Suppose we want to get a density estimate of some data X
. One way is to compute the empirical CDF,
N <- 1e5
x <- seq(min(X), max(X), length=N)
F <- ecdf(X)(x)
and then the density, by taking the derivative of F
.
Question 1
Suppose the density
D <- diff(X, lag=1) / diff(x, lag=1)
Then the area under the density A <- sum(D) * diff(x)[1]
will equal 1 (here assuming that x
is an evenly spaced vector). However it may be desirable to smooth the estimate by taking a lag
value greater than 1. e.g.
lg <- 50
D <- diff(X, lag=lg) / diff(x, lag=lg)
What do we need to do to D
such that A <- sum(D) * diff(x)[1]
is equal to unity? Namely, when taking lg > 1
, how do we maintain that D
is a density.
Question 2
Supposing x
is the natural domain of our observable, we may instead want to consider a re-scaled domain. This can be done in two ways:
- Take
F
on the natural domainx
and then graphxp
vs.D
wherexp
is for instance a constant re-scaling ofx
:xp <- x / max(X)
. - Take
F
on the re-scaled domain and proceed as before with density estimation. e.g.F <- ecdf(X / max(X))(x)
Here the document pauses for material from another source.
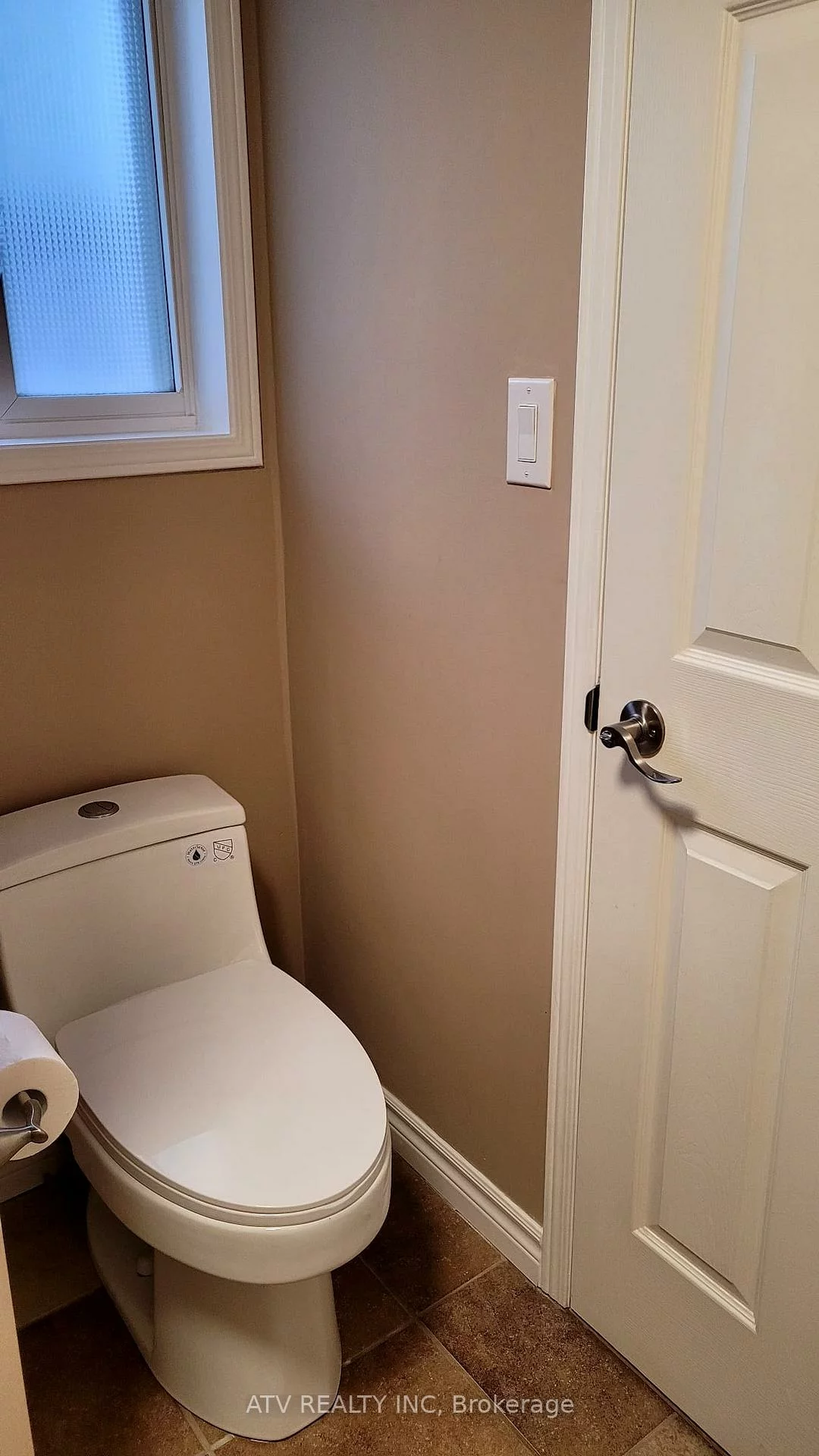 133, Columbia, Holly, Barrie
wherex <- seq(0, 1, length=N)
.
I am interested in the second point, but have essentially the same problem as question 1. In point 2 we introduce a change of variables, so D
should be multiplied by something to account for this. It seems to make sense on paper, but I'm not sure how to implement numerically - plus, a constant re-scaling seems too trivial to require computing inverse functions etc. Bonus points if you can combine Q1 and Q2.